The Personal is Political and Personally, I'm Freezing
“It’s so nice out here,” a SunTrust employee said to me as we crossed paths outside her bank. “I was freezing in there.”
Though lighthearted, her comment echoes a struggle women have faced for decades. Office spaces are too damn cold. And it’s no wonder: Fanger’s thermal comfort equation, which many company heads use to set office temperatures, was calculated using a 40-year-old male subject weighing 154 pounds. For women, that means powering through arctic temperatures for eight or more hours a day. As my friend experienced, companies crank the AC so high in the summer that stepping outside feels like defrosting.
There are a few reasons why women are more susceptible to cold. Our bodies contain more fat and less muscle in proportion to men, resulting in slower metabolic rates. Our extremities are naturally three degrees colder. Birth control tends to raise our core temperature, making the internal and external temperature difference feel more extreme. We’re more prone to anemia due to blood loss during menstruation. We also wear lighter clothes in the summer. When it’s 100 degrees outside, lugging a sweater around is plain inconvenient.

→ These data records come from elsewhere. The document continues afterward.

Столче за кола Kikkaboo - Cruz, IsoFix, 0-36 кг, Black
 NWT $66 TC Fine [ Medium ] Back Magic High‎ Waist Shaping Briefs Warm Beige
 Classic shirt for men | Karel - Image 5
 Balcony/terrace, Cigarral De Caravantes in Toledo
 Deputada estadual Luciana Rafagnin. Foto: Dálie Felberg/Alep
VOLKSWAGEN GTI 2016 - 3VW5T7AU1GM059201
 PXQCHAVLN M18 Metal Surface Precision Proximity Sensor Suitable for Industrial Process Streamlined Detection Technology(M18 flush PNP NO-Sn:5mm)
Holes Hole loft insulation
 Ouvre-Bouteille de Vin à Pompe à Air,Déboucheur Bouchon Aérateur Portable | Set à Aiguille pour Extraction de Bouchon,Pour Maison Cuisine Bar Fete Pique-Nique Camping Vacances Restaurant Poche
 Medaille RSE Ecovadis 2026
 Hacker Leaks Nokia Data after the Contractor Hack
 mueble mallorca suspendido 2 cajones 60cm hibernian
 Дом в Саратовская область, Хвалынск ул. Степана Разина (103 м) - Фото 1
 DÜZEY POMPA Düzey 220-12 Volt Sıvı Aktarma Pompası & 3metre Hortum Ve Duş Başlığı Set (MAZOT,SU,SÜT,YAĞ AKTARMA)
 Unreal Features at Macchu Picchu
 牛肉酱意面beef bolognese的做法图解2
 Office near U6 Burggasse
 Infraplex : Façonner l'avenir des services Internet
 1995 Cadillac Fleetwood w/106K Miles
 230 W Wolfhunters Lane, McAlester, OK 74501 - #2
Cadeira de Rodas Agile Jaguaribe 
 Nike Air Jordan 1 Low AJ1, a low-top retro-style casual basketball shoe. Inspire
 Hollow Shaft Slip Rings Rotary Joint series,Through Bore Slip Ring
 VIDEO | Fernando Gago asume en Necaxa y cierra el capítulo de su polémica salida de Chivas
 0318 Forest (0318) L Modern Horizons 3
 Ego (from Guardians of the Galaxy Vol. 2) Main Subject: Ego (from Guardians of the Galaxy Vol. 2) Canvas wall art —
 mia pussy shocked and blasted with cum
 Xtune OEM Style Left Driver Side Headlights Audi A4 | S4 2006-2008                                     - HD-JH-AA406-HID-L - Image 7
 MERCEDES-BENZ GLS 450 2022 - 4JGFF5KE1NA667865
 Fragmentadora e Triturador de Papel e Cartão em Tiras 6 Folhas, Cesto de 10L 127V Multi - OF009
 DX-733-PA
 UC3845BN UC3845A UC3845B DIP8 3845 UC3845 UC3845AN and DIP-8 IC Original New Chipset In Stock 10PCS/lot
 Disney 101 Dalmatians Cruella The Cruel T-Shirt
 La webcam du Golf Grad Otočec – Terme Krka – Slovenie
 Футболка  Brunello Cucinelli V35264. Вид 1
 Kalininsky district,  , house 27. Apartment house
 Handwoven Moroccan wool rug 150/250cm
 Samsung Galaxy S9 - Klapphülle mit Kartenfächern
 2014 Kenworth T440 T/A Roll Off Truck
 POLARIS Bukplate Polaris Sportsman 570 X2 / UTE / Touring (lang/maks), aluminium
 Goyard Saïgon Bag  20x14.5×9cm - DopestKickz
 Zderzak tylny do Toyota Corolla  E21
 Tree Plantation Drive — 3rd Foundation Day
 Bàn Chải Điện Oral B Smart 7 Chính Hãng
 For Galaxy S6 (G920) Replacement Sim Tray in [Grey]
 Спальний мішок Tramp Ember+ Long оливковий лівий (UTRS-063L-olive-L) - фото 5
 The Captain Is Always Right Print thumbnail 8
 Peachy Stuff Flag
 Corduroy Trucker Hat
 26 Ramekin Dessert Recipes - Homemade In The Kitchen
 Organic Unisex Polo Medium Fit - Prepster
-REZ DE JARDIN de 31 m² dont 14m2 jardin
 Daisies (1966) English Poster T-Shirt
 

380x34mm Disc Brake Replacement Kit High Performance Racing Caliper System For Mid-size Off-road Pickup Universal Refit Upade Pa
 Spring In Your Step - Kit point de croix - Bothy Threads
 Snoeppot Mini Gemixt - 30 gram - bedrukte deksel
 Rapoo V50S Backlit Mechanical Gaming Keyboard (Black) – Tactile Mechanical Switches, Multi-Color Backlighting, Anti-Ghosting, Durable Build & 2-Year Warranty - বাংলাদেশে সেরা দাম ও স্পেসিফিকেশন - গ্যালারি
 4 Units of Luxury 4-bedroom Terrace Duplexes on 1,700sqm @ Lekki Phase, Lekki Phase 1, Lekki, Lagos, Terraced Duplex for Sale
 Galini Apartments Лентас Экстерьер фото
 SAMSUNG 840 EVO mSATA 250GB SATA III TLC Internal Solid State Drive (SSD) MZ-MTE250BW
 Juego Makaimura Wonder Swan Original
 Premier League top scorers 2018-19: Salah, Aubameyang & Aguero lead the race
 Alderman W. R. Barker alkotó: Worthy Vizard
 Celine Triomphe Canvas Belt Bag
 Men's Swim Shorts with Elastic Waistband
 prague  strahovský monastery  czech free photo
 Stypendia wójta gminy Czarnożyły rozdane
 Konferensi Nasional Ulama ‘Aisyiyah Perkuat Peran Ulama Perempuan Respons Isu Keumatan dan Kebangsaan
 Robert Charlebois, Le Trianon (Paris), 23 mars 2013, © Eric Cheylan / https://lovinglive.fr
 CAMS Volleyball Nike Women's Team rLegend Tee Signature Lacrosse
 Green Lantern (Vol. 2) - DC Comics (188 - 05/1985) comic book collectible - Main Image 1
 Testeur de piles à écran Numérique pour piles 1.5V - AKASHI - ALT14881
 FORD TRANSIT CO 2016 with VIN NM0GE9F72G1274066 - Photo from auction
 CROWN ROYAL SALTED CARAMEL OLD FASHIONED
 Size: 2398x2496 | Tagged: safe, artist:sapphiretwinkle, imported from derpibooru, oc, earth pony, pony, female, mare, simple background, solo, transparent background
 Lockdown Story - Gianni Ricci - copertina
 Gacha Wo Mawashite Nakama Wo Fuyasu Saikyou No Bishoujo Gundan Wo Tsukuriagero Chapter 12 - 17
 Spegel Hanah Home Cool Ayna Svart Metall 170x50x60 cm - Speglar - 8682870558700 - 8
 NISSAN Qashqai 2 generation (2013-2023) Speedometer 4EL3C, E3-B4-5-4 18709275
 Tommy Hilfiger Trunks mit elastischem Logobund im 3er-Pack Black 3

Still, office thermostats are set to appease men. Fanger’s equation was devised in the 1960s when women made up a smaller percentage of the workforce. Why hasn’t it improved in the nearly half century since, especially now that we make up half?
Unsurprisingly, men control the dial. Two men in particular, Kevin Kampschroer and Steve Sakach, control the temperature in 9,000 government office buildings. Even female-run firms sometimes don’t have control over the temperature on their floor if they are based in shared office spaces. People liken the dilemma to a “thermostat war,” but it is an uneven battle.
This is in part because older office spaces were designed to accommodate men from the start, ACs running at full blast. In these spaces, even sympathetic employers can only adjust the temperature within a five-degree range. Kampschroer and Sakach suggest that women open windows as an alternative to space heaters, another way of telling them to adapt to a man’s world.
Female-friendly sources suggest making offices warmer to increase productivity, but there are more important things at stake than company profits. I propose raising office temperatures as a step toward gender equality, an impossible goal as long as our comfort is an afterthought. It is not enough to hire women if those women are working in hostile environments.
It is not only a step toward gender equality, but also a step toward environmental sustainability. Residential buildings and offices contribute 30 percent of total carbon dioxide emissions. Raising office thermostats from 72 to 77 degrees can save 11 percent on power bills, according to the U.S. Department of Energy. When buildings are designed to accommodate women they reduce emissions and cut costs.
One ex post facto solution is for businesses to implement micro-climatization systems, allowing for more individualized comfort. Apps like CrowdComfort allow women to go above the heads of their male colleagues and send complaints directly to their facility manager. Until these changes are more widespread, women should advocate for changes in their own workplace that keep them from freezing.